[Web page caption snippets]
*** Block opens ***

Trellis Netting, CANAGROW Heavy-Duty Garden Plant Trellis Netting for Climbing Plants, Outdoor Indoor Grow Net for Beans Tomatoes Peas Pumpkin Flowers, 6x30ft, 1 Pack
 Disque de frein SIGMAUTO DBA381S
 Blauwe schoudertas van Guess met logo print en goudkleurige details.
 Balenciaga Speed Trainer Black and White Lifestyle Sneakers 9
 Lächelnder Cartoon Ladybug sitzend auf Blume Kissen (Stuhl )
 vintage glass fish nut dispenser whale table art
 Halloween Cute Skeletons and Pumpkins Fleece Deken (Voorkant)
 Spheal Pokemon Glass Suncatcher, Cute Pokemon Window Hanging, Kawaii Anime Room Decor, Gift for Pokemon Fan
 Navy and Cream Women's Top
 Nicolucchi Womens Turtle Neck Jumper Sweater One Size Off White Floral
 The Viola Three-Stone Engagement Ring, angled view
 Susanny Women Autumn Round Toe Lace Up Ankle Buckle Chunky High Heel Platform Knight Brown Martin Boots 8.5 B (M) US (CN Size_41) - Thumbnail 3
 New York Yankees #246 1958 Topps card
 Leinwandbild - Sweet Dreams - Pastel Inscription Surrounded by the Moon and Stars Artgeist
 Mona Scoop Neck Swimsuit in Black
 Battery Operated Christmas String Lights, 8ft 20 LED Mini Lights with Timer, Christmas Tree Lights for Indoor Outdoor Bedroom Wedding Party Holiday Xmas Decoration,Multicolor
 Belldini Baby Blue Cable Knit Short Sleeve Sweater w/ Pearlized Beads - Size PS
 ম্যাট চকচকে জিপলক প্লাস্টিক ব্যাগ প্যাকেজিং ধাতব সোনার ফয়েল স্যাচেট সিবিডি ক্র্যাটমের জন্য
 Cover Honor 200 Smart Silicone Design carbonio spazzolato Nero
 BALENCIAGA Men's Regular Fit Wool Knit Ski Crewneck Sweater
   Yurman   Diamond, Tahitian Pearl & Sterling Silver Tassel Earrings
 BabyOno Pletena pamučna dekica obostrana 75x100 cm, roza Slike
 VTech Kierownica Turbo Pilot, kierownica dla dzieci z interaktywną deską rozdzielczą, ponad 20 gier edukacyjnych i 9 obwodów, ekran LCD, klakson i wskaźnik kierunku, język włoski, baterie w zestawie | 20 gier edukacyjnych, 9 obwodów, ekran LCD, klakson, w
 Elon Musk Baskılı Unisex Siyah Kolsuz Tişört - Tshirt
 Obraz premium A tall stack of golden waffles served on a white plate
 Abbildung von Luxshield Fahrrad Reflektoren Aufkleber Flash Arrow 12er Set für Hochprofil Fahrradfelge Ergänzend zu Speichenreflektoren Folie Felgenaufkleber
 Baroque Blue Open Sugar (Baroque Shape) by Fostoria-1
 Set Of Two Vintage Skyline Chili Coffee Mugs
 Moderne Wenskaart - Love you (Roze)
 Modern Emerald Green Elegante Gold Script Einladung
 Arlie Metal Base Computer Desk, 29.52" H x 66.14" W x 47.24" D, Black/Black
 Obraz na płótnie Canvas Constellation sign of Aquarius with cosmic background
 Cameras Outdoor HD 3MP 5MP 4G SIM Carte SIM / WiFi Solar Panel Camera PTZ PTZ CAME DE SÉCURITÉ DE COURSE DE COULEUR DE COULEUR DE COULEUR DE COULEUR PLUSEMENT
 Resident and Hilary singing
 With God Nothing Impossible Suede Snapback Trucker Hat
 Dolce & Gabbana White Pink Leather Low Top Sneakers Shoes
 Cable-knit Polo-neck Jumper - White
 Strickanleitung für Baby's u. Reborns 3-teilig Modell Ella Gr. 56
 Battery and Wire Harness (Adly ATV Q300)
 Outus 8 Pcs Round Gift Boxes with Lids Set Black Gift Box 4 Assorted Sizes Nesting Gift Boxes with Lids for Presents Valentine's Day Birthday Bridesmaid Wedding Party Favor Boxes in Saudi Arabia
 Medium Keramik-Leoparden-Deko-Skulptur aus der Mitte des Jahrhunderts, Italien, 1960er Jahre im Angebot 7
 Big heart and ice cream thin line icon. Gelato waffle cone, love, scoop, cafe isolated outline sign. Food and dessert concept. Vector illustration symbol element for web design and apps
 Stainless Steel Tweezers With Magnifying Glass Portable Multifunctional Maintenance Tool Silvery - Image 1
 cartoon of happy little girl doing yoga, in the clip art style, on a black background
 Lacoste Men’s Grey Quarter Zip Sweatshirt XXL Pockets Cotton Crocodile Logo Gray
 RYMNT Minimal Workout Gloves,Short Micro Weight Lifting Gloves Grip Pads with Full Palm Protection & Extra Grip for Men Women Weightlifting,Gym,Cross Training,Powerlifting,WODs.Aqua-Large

*** Block closes ***

Your task =>
Write the records out once more, word for word.

Task output =>
Trellis Netting, CANAGROW Heavy-Duty Garden Plant Trellis Netting for Climbing Plants, Outdoor Indoor Grow Net for Beans Tomatoes Peas Pumpkin Flowers, 6x30ft, 1 Pack
 Disque de frein SIGMAUTO DBA381S
 Blauwe schoudertas van Guess met logo print en goudkleurige details.
 Balenciaga Speed Trainer Black and White Lifestyle Sneakers 9
 Lächelnder Cartoon Ladybug sitzend auf Blume Kissen (Stuhl )
 vintage glass fish nut dispenser whale table art
 Halloween Cute Skeletons and Pumpkins Fleece Deken (Voorkant)
 Spheal Pokemon Glass Suncatcher, Cute Pokemon Window Hanging, Kawaii Anime Room Decor, Gift for Pokemon Fan
 Navy and Cream Women's Top
 Nicolucchi Womens Turtle Neck Jumper Sweater One Size Off White Floral
 The Viola Three-Stone Engagement Ring, angled view
 Susanny Women Autumn Round Toe Lace Up Ankle Buckle Chunky High Heel Platform Knight Brown Martin Boots 8.5 B (M) US (CN Size_41) - Thumbnail 3
 New York Yankees #246 1958 Topps card
 Leinwandbild - Sweet Dreams - Pastel Inscription Surrounded by the Moon and Stars Artgeist
 Mona Scoop Neck Swimsuit in Black
 Battery Operated Christmas String Lights, 8ft 20 LED Mini Lights with Timer, Christmas Tree Lights for Indoor Outdoor Bedroom Wedding Party Holiday Xmas Decoration,Multicolor
 Belldini Baby Blue Cable Knit Short Sleeve Sweater w/ Pearlized Beads - Size PS
 ম্যাট চকচকে জিপলক প্লাস্টিক ব্যাগ প্যাকেজিং ধাতব সোনার ফয়েল স্যাচেট সিবিডি ক্র্যাটমের জন্য
 Cover Honor 200 Smart Silicone Design carbonio spazzolato Nero
 BALENCIAGA Men's Regular Fit Wool Knit Ski Crewneck Sweater
   Yurman   Diamond, Tahitian Pearl & Sterling Silver Tassel Earrings
 BabyOno Pletena pamučna dekica obostrana 75x100 cm, roza Slike
 VTech Kierownica Turbo Pilot, kierownica dla dzieci z interaktywną deską rozdzielczą, ponad 20 gier edukacyjnych i 9 obwodów, ekran LCD, klakson i wskaźnik kierunku, język włoski, baterie w zestawie | 20 gier edukacyjnych, 9 obwodów, ekran LCD, klakson, w
 Elon Musk Baskılı Unisex Siyah Kolsuz Tişört - Tshirt
 Obraz premium A tall stack of golden waffles served on a white plate
 Abbildung von Luxshield Fahrrad Reflektoren Aufkleber Flash Arrow 12er Set für Hochprofil Fahrradfelge Ergänzend zu Speichenreflektoren Folie Felgenaufkleber
 Baroque Blue Open Sugar (Baroque Shape) by Fostoria-1
 Set Of Two Vintage Skyline Chili Coffee Mugs
 Moderne Wenskaart - Love you (Roze)
 Modern Emerald Green Elegante Gold Script Einladung
 Arlie Metal Base Computer Desk, 29.52" H x 66.14" W x 47.24" D, Black/Black
 Obraz na płótnie Canvas Constellation sign of Aquarius with cosmic background
 Cameras Outdoor HD 3MP 5MP 4G SIM Carte SIM / WiFi Solar Panel Camera PTZ PTZ CAME DE SÉCURITÉ DE COURSE DE COULEUR DE COULEUR DE COULEUR DE COULEUR PLUSEMENT
 Resident and Hilary singing
 With God Nothing Impossible Suede Snapback Trucker Hat
 Dolce & Gabbana White Pink Leather Low Top Sneakers Shoes
 Cable-knit Polo-neck Jumper - White
 Strickanleitung für Baby's u. Reborns 3-teilig Modell Ella Gr. 56
 Battery and Wire Harness (Adly ATV Q300)
 Outus 8 Pcs Round Gift Boxes with Lids Set Black Gift Box 4 Assorted Sizes Nesting Gift Boxes with Lids for Presents Valentine's Day Birthday Bridesmaid Wedding Party Favor Boxes in Saudi Arabia
 Medium Keramik-Leoparden-Deko-Skulptur aus der Mitte des Jahrhunderts, Italien, 1960er Jahre im Angebot 7
 Big heart and ice cream thin line icon. Gelato waffle cone, love, scoop, cafe isolated outline sign. Food and dessert concept. Vector illustration symbol element for web design and apps
 Stainless Steel Tweezers With Magnifying Glass Portable Multifunctional Maintenance Tool Silvery - Image 1
 cartoon of happy little girl doing yoga, in the clip art style, on a black background
 Lacoste Men’s Grey Quarter Zip Sweatshirt XXL Pockets Cotton Crocodile Logo Gray
 RYMNT Minimal Workout Gloves,Short Micro Weight Lifting Gloves Grip Pads with Full Palm Protection & Extra Grip for Men Women Weightlifting,Gym,Cross Training,Powerlifting,WODs.Aqua-Large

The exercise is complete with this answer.